- Work task: Reproduce verbatim the lines of the material below, starting at the line with "Профессиональная видеокарта NVIDIA" and ending at the line with "Buy Vermox Online Hannasville - PA", both inclusive; skip the rest.

- Task inputs:
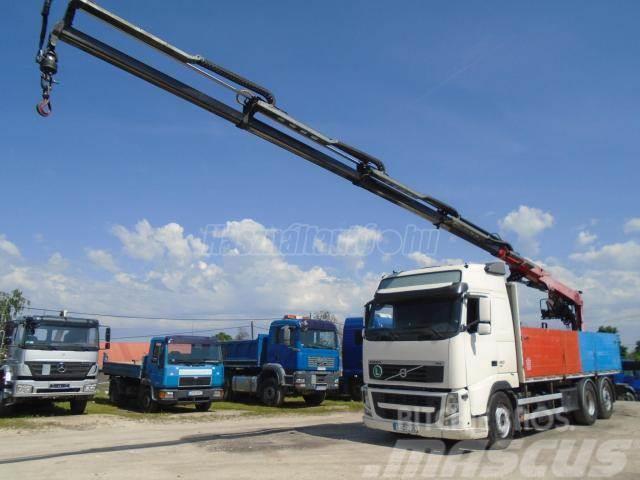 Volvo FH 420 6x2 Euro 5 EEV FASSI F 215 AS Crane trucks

---

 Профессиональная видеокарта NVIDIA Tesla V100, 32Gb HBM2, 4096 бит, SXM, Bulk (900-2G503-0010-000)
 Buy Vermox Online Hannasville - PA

---

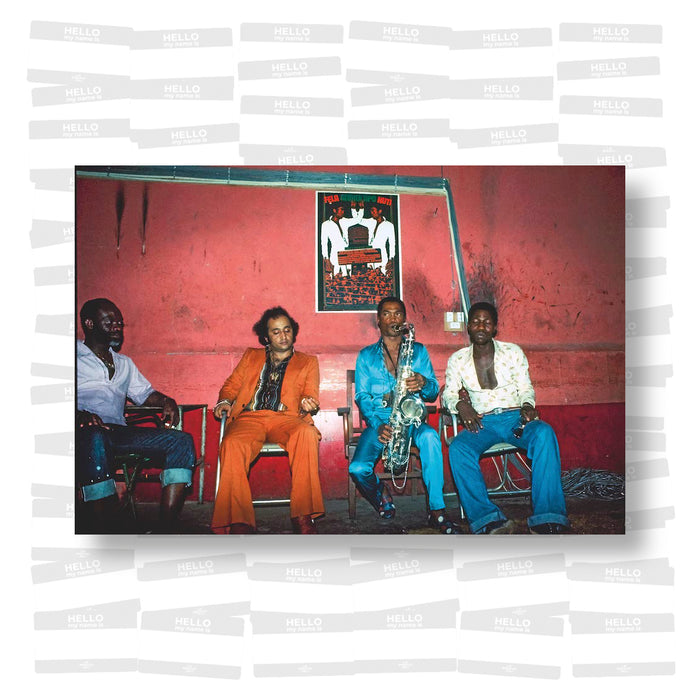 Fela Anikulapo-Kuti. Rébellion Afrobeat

- Result below:
 Профессиональная видеокарта NVIDIA Tesla V100, 32Gb HBM2, 4096 бит, SXM, Bulk (900-2G503-0010-000)
 Buy Vermox Online Hannasville - PA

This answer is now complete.